» **DATA EXTRACTS**
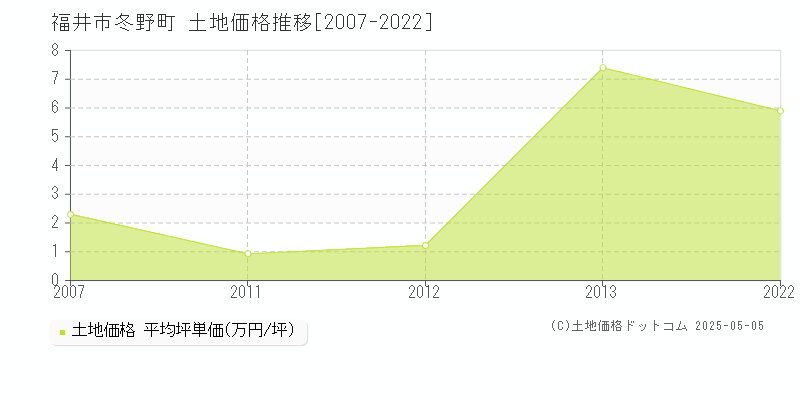 福井市冬野町の土地取引事例推移グラフ 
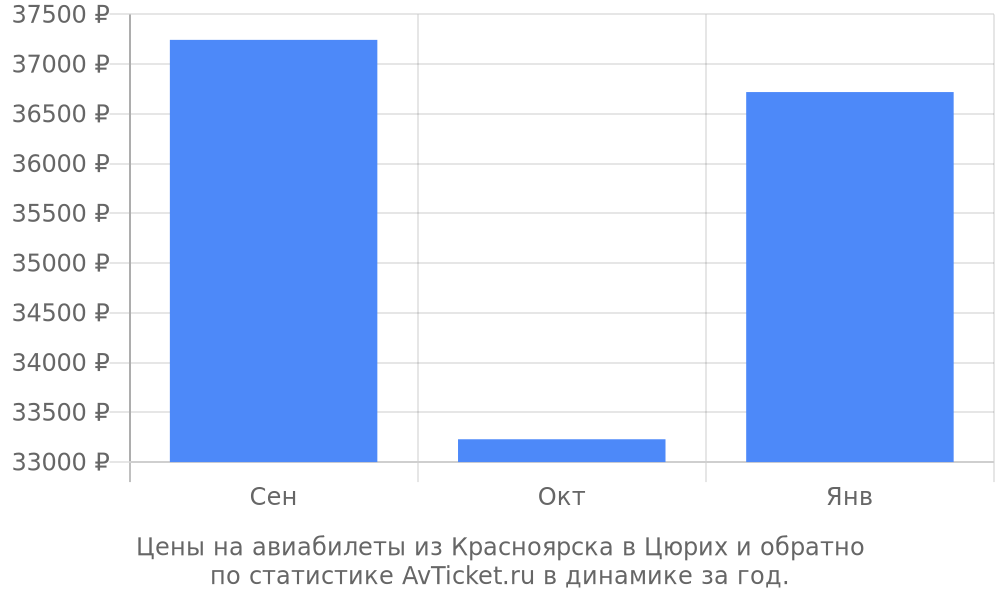 Цены на авиабилеты из Красноярска в Цюрих Цены на авиабилеты из Красноярска в Цюрих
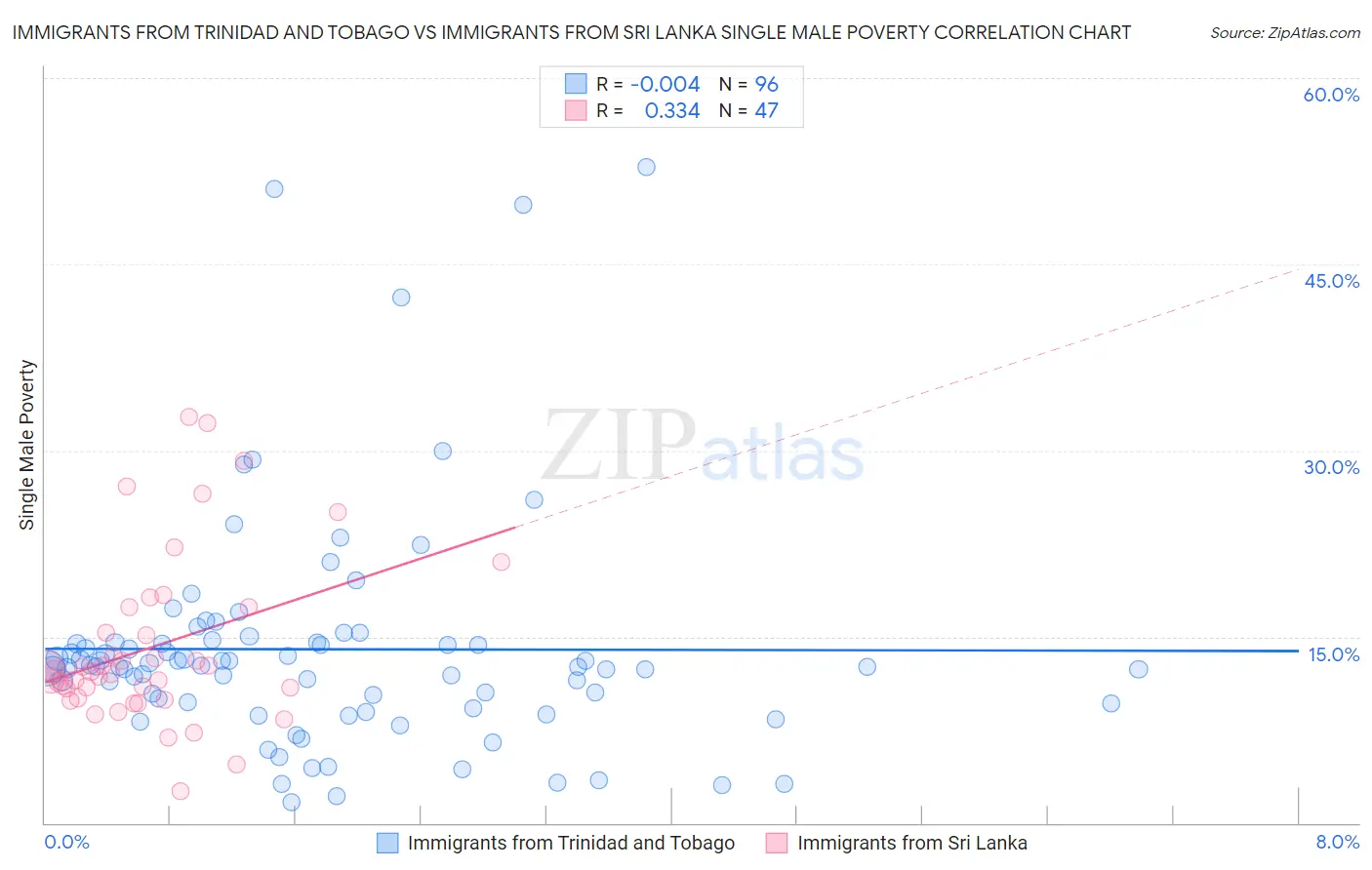 Immigrants from Trinidad and Tobago vs Immigrants from Sri Lanka Single Male Poverty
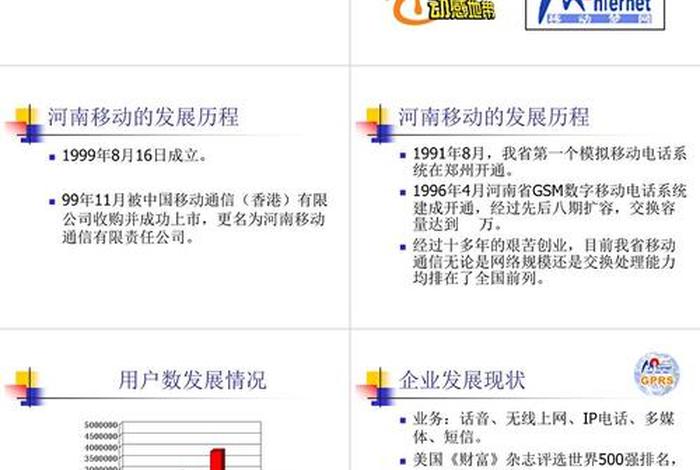 移动电商有哪些主要应用? - 移动电商有哪些主要应用 移动电商有哪些主要应用? - 移动电商有哪些主要应用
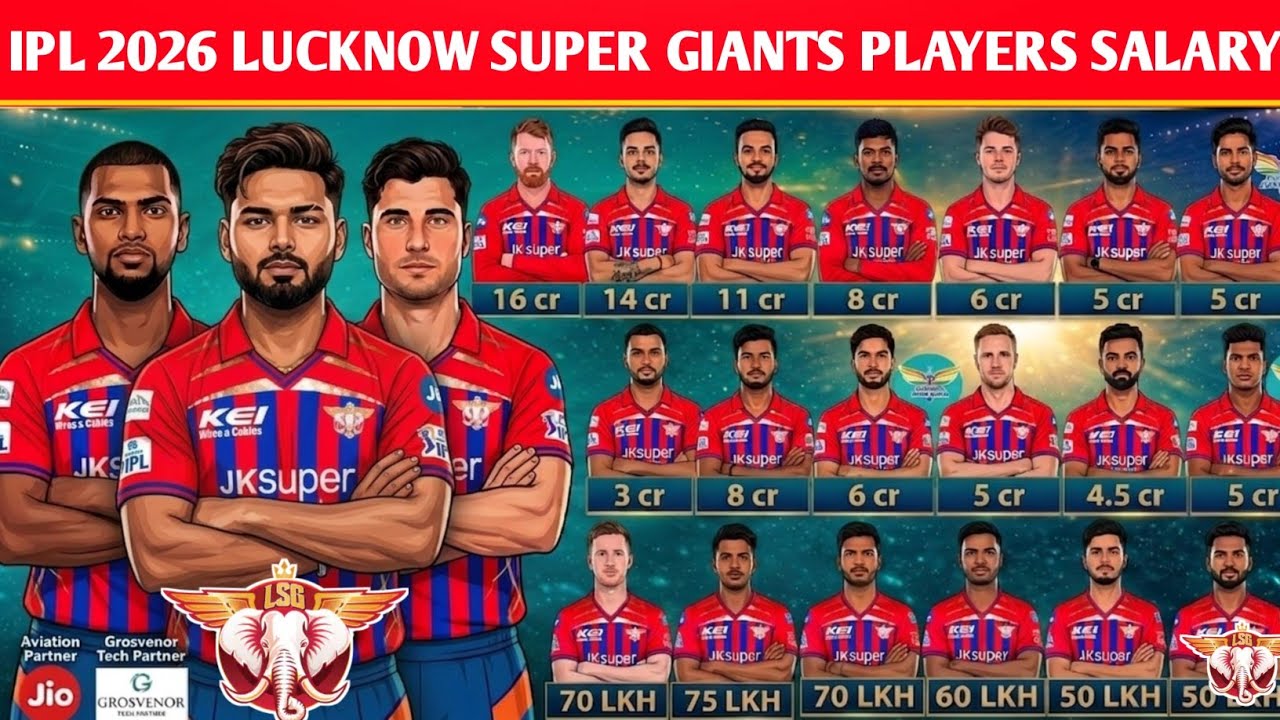 LSG ALL PLAYERS IPL 2026 SALARY | LSG ALL PLAYERS IPL 2026 SQUAD & SALARY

» **TASK REQUIREMENTS**
The response should be the full material, repeated exactly, with images removed.

» **RESULT OF THIS TASK**
 福井市冬野町の土地取引事例推移グラフ 
 Цены на авиабилеты из Красноярска в Цюрих Цены на авиабилеты из Красноярска в Цюрих
 Immigrants from Trinidad and Tobago vs Immigrants from Sri Lanka Single Male Poverty
 移动电商有哪些主要应用? - 移动电商有哪些主要应用 移动电商有哪些主要应用? - 移动电商有哪些主要应用
 LSG ALL PLAYERS IPL 2026 SALARY | LSG ALL PLAYERS IPL 2026 SQUAD & SALARY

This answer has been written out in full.